Let's now take a look on a very simple Selenium example. It will open Firefox browser, go to Python website, just wait 10 seconds and then close the browser.

For any other browser refer to [this](http://selenium-python.readthedocs.io/api.html) page.

In [None]:
# First import our dependencies
from selenium import webdriver
import time

In [None]:
# Create instance of Firefox WebDriver
driver = webdriver.Firefox()
# Navigate to Python website.
driver.get("http://www.python.org")
# Wait 10 seconds
time.sleep(10)
# Close browser
driver.quit()

# Scraping TripAdvisor
TripAdvisor offers advice from millions of travelers, with 435 million reviews and opinions covering 6.8 million accommodations, restaurants and attractions, and a wide variety of travel choices and planning features -- checking more than 200 websites to help travelers find and book today's lowest hotel prices. TripAdvisor branded sites make up the largest travel community in the world, reaching 390 million average monthly unique visitors* in 49 markets worldwide. 

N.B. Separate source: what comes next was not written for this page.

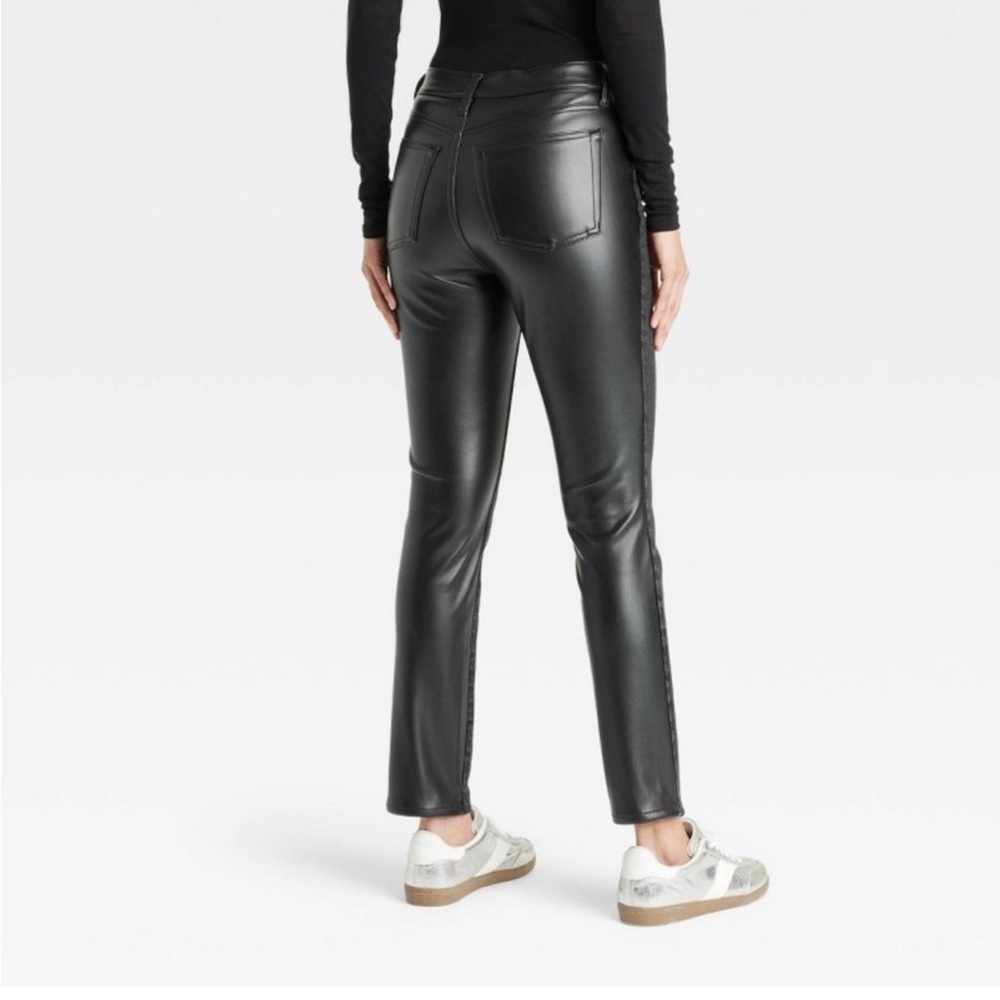 💙🖤Women's Black Faux Leather Pants💙🖤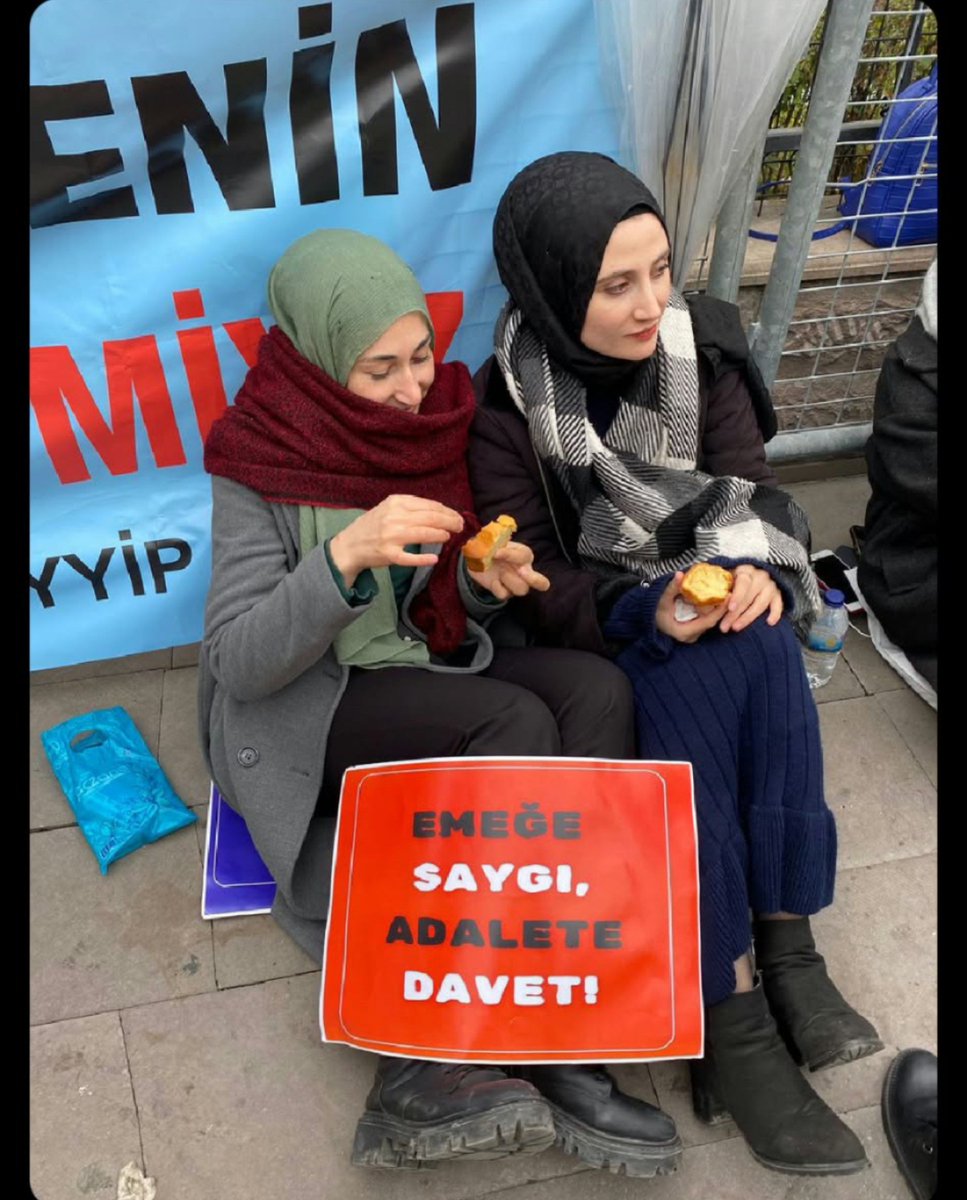 Sulay_Krkc's tweet photo. Bu adaletsizliğin bir şekilde çözülmesi için ne bedeller ödedik. Günlerce Ankara’nın soğuk kaldırımlarında oturduk, kavurucu sıcaklarda saatlerce bekledik. Açlık grevine girdik, biber gazı yedik, yorulduk ama vazgeçmedik
Bunca bedelin sonunda  dileğimiz hakkımızın teslim edilmesi https://t.co/os4znlPRth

Now we want to scrape the [TripAdvisor](https://www.tripadvisor.com/) website. Especially the [list of hotels](https://www.tripadvisor.com/Hotels) for few specific cities. We want to pick only the cities from the US and Canada which start with 'L' or 'N', these will be Las Vegas, Los Angeles, New Orleans and New York.
![alt text](images/2.jpg)

Now, let's create our Firefox driver, and navigate to TripAdvisor Hotels webpage.

In [None]:
# Create Firefox driver
driver = webdriver.Firefox()
# Go to webpage
driver.get("https://www.tripadvisor.com/Hotels")

Now, we need to select this exact list on the page without anything else. To do so, you need a way to select this element somehow. You need to open Inspector in the Developer Tools, to be able to find the class name.

## Firefox

* Click the menu button
* Click the Developer button
![alt text](images/3.jpg)
* Click the Inspector button
![alt text](images/4.jpg)


* Selection of objects in Firefox is simple, take a look at this animation:
![alt text](images/ff_howto.gif)

## Google Chrome

The steps are similar.
* Click Menu button
* Hover More tools
* Click Developer tools
![alt text](images/5.jpg)
* Click Elements
![alt text](images/6.jpg)


* Chrome howto animation:
![alt text](images/chrome_howto.gif)

Now you need to find the class of required element.
![alt text](images/7.jpg)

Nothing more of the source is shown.